Stefano Rellandini/Reuters
7:55 a.m. | Updated
LONDON – UBS said on Tuesday that Sergio P. Ermotti, who has run the Swiss bank on an interim basis since September, would become permanent chief executive and take the reins of a strategic restructuring.
Axel A. Weber, a former chief of the German central bank, will take over as chairman next year, a year earlier than planned, UBS said. The bank accelerated the leadership change to speed up implementation of a new investment banking strategy, which UBS is expected to present to investors on Thursday in New York.
“The bank has a lot of restructuring to do and as interim C.E.O. with a chairman on his way out there’s little you can actually do,” said Florian Esterer, a fund manager at Swisscanto Asset Management. “This way UBS can slowly start moving forward.”
Mr. Ermotti, a Swiss national, joined UBS as management board member responsible for Europe in April and was widely seen as a potential successor to the former chief executive, Oswald J. Grübel. Mr. Ermotti stepped into that role on an interim basis when Mr. Grübel resigned after the bank lost $2.3 billion in a rogue trading scandal at its London investment banking division.
The changes “will bring essential stability and clarity to UBS,” Kaspar Villiger, the current chairman, said in a statement. “It will enable the bank to master the many current economic challenges and regulatory changes facing it.” He said the decision to make Mr. Ermotti the permanent chief came after UBS “carried out an intensive evaluation of external and internal candidates.”
Some analysts expressed doubts that UBS could find an outside candidate willing to take on the challenges at the bank, which is facing large job and cost cuts and needs to restore investor confidence after the trading loss.
UBS shares fell 2.9 percent in Zurich trading on Tuesday.
In his first internal note to employees as chief executive, obtained by DealBook, Mr. Ermotti warned that the UBS culture must ensure events like the trading loss do not happen again.
“I want to make clear that no one’s personal interest nor any amount of revenue is worth more than the bank’s reputation,” he wrote in the note.
A former UBS trader, Kweku M. Adoboli, is scheduled to appear in a London court next week to face charges of fraud and false accounting.
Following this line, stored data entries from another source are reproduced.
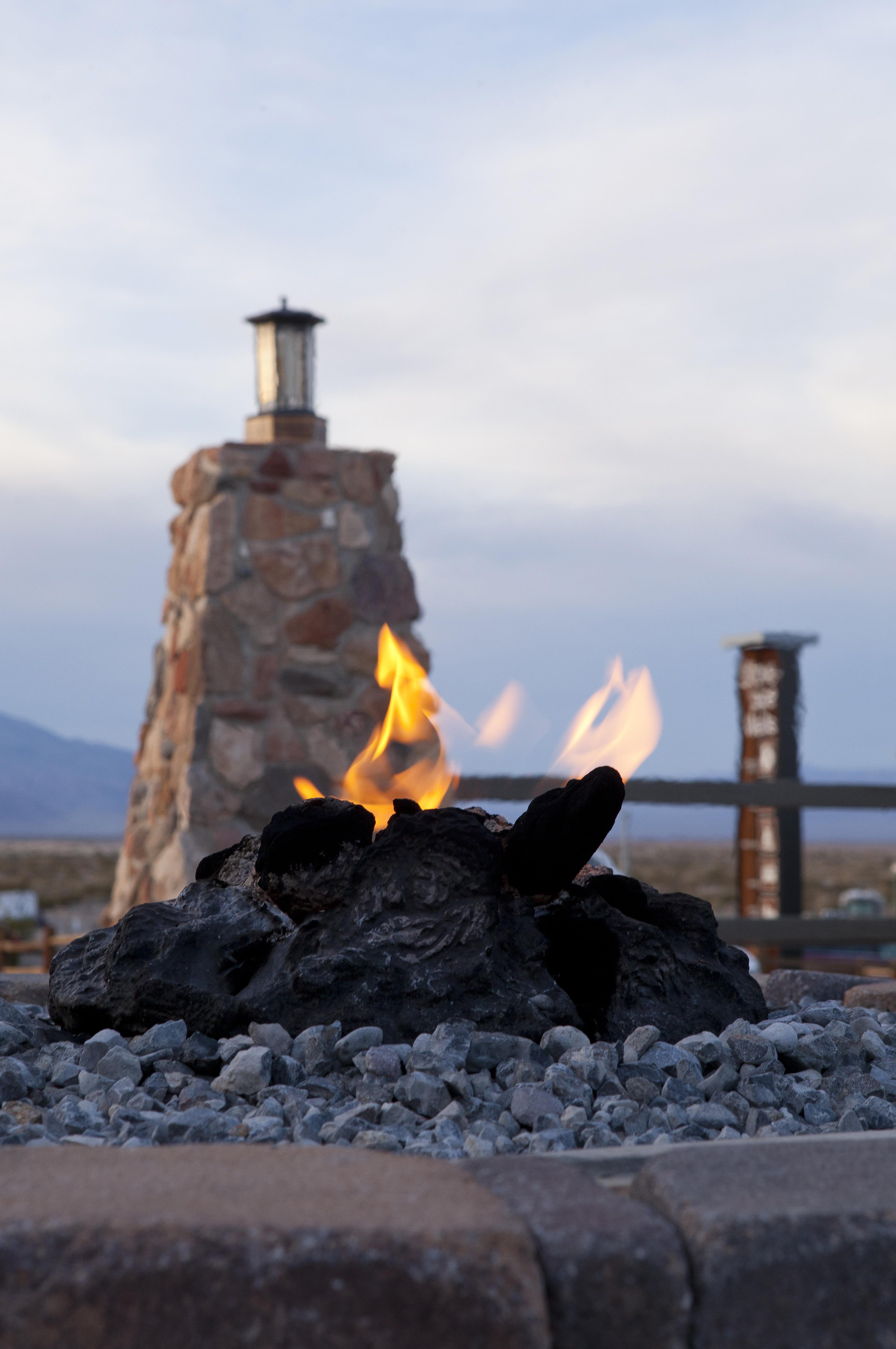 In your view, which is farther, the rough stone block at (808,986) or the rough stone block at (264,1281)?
the rough stone block at (808,986)

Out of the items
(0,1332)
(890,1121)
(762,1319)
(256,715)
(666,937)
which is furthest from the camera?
(256,715)

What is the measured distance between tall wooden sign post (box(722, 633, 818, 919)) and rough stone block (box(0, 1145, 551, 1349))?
602 centimetres

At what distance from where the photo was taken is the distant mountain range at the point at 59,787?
474 feet

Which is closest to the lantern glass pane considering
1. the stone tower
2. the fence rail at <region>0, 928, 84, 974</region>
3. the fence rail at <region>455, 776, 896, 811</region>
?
the stone tower

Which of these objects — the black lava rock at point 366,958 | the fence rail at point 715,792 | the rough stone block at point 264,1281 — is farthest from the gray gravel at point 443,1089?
the fence rail at point 715,792

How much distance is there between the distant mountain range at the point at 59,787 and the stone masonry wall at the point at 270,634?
119078 mm

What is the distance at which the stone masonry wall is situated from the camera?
5.58 metres

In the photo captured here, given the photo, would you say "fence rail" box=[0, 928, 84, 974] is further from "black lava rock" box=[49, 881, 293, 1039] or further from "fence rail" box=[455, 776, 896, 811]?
"black lava rock" box=[49, 881, 293, 1039]

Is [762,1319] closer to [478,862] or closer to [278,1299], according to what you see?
[278,1299]

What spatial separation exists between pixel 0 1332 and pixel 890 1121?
1.45m

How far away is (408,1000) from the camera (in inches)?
86.8

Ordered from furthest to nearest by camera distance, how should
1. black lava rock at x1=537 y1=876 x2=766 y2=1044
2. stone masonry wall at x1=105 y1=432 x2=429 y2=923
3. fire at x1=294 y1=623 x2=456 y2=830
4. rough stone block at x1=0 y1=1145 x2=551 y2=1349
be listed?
stone masonry wall at x1=105 y1=432 x2=429 y2=923, fire at x1=294 y1=623 x2=456 y2=830, black lava rock at x1=537 y1=876 x2=766 y2=1044, rough stone block at x1=0 y1=1145 x2=551 y2=1349

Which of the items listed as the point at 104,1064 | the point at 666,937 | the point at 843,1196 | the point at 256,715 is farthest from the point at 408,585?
the point at 843,1196

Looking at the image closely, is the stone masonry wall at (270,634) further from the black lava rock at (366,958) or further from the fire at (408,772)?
the black lava rock at (366,958) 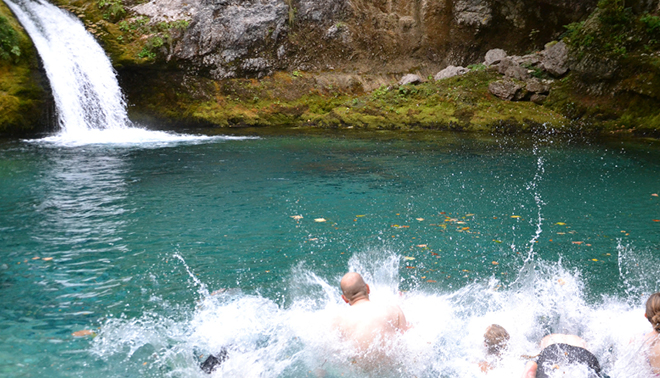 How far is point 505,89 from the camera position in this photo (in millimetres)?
21250

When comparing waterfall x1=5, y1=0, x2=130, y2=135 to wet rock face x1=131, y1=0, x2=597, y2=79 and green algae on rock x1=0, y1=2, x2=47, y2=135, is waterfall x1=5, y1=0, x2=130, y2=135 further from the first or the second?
wet rock face x1=131, y1=0, x2=597, y2=79

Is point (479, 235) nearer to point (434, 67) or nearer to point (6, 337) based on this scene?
point (6, 337)

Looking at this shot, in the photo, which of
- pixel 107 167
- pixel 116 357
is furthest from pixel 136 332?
pixel 107 167

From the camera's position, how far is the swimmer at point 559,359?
3.66 meters

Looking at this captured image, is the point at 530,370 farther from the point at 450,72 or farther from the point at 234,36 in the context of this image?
the point at 234,36

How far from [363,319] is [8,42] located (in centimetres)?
1957

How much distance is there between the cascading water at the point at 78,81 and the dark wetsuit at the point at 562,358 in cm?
1541

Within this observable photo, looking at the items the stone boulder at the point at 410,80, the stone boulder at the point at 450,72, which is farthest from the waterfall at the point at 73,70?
the stone boulder at the point at 450,72

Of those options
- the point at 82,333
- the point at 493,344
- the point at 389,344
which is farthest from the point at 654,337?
the point at 82,333

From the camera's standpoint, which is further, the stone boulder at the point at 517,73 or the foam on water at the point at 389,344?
the stone boulder at the point at 517,73

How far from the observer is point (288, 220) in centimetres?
810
He has yet to enter a plea.
UBS said a new strategy, which is expected to include a smaller and less expensive investment banking operation and a greater focus on the more successful wealth management business, had been approved by the board.
The strategy was developed by Mr. Grübel and Carsten Kengeter, head of the investment banking unit, to help UBS remain profitable despite tougher capital requirements and uncertain financial markets. It is now Mr. Ermotti’s responsibility to put the plan into action, and he told employees on Tuesday that he “will not rest until we succeed.”
“I will execute our strategy, which plays to our many strengths,” Mr. Ermotti said in a statement. “This strategy will be centered on our leading wealth management businesses and our position as the strongest universal bank in Switzerland. A focused, less complex and less capital-intensive investment bank and our asset management business are also key elements for growing our wealth management franchise.”
Mr. Ermotti, 51, joined UBS in April from the Italian bank UniCredit, where he was deputy chief executive. He previously worked at Merrill Lynch, where he was a co-head of global equity markets. He started at the firm’s equity derivatives and capital markets divisions in 1987.
Mr. Weber’s appointment as chairman is subject to his election by shareholders at the annual meeting scheduled for May 3. Mr. Villiger, the current chairman, would not be a candidate for election at the meeting.
“I am proud of what we have achieved during a very difficult time in our bank’s history,” Mr. Villiger said.
Mr. Weber said he would head to Switzerland in February to oversee the handover. He also said he knew Mr. Ermotti personally from his time at the German central bank and that the two men had spoken often over the last few weeks.